### EXERCISE AIM
Transcribe the full listing without changing a word, and omit its pictures.

### DATA PROVIDED
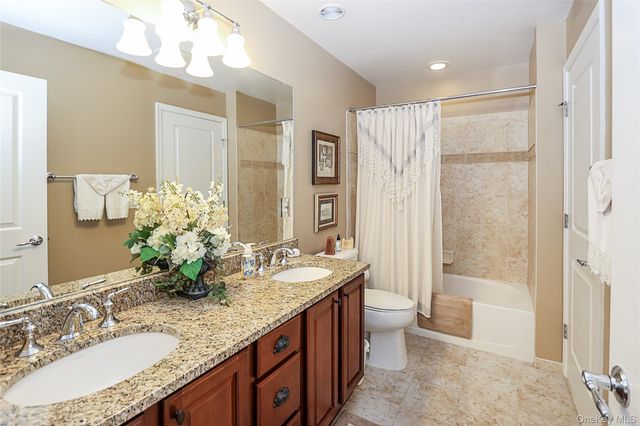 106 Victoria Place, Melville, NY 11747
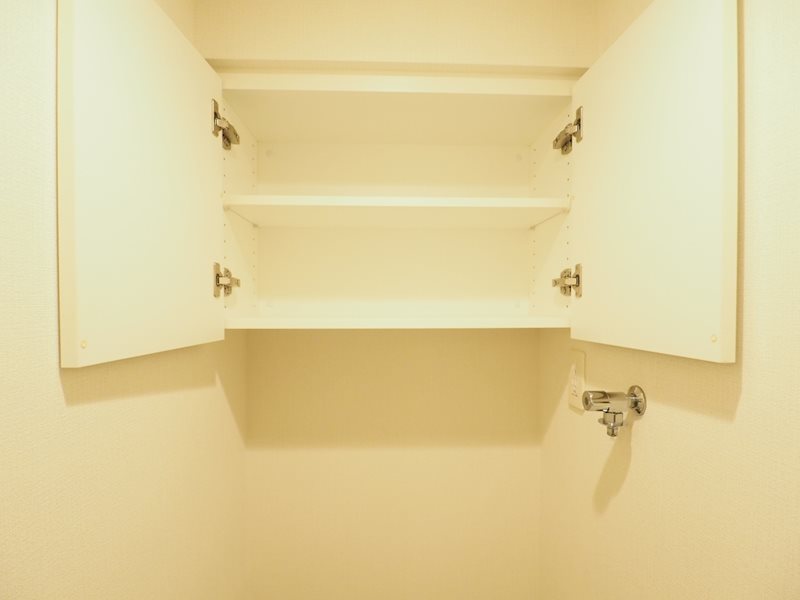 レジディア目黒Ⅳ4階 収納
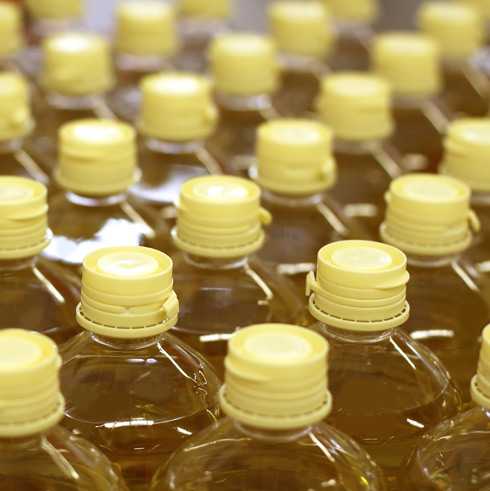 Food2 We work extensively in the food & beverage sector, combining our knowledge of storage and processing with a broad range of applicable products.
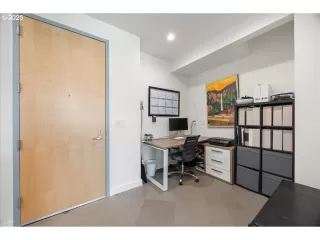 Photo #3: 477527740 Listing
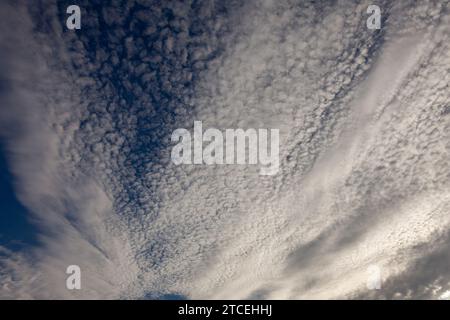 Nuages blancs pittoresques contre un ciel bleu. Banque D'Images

### RESPONSE
 106 Victoria Place, Melville, NY 11747
 レジディア目黒Ⅳ4階 収納
 Food2 We work extensively in the food & beverage sector, combining our knowledge of storage and processing with a broad range of applicable products.
 Photo #3: 477527740 Listing
 Nuages blancs pittoresques contre un ciel bleu. Banque D'Images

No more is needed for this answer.